I consider myself a devoted Warcraft fan, and I would LOVE if they decide to retake the history from where TFT left and start telling a new history in the RTS format, WoW lore as it stands now its just… well, they got out of their way a long time ago. Like myself, a lot of people would love if the devs decide to retell the history, the surveys show that and I really hope they take into account what the community says, also, a diferent story on a different world? without humans? without orcs? that’s nonsense, it’s not warcraft.

We don’t know that.

And even if that were the case you’re making a big assumption in saying that the majority of Warcraft fans would be pissed off about WCIV having a brand new story picking up where WCIII left off.

You’re assuming that the majority of WoW players would be that upset about WoW ending as a separate tangential plot.

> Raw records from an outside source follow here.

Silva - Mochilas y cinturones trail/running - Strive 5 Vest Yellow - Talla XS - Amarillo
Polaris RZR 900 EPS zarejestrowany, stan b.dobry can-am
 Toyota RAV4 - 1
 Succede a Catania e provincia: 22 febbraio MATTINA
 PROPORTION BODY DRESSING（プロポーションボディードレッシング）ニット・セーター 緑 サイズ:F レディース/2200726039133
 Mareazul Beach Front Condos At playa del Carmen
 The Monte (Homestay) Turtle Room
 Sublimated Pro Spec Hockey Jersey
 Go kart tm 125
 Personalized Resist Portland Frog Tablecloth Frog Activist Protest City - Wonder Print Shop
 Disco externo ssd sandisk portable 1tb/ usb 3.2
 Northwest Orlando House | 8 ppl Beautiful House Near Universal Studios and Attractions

Lot of WoW players don’t even care about Warcraft Lore. Others care but don’t like WoW’s lore.

WoW’s story has already pissed off TONS of Warcraft fans. And they were around first. People watched as not only was a lot of their lore retconned away, but also as game design decided where the story went and need for content decided who got killed off, instead of what they had enjoyed about the story, or well thought out, high quality story-telling that put Warcraft’s lore on the map to begin with.

Those people were here BEFORE you got invested in a universe comprised of story-telling that doesn’t put the quality of the writing first. Why should it matter that others get PO’d when their lore gets dream sequenced away? They didn’t
even actually respect the lore in the first place. They were okay with it coming secondary to the game content and design for pete’s sake!

As is you yourself have already demonstrated that you didn’t even pay close enough attention to the lore to actually realize when you were posting something completely inaccurate or exactly why something is the way it is (i.e. why draenei look like eredar now or saying they were both fel-infused?!) Why should the lore cater someone like that?!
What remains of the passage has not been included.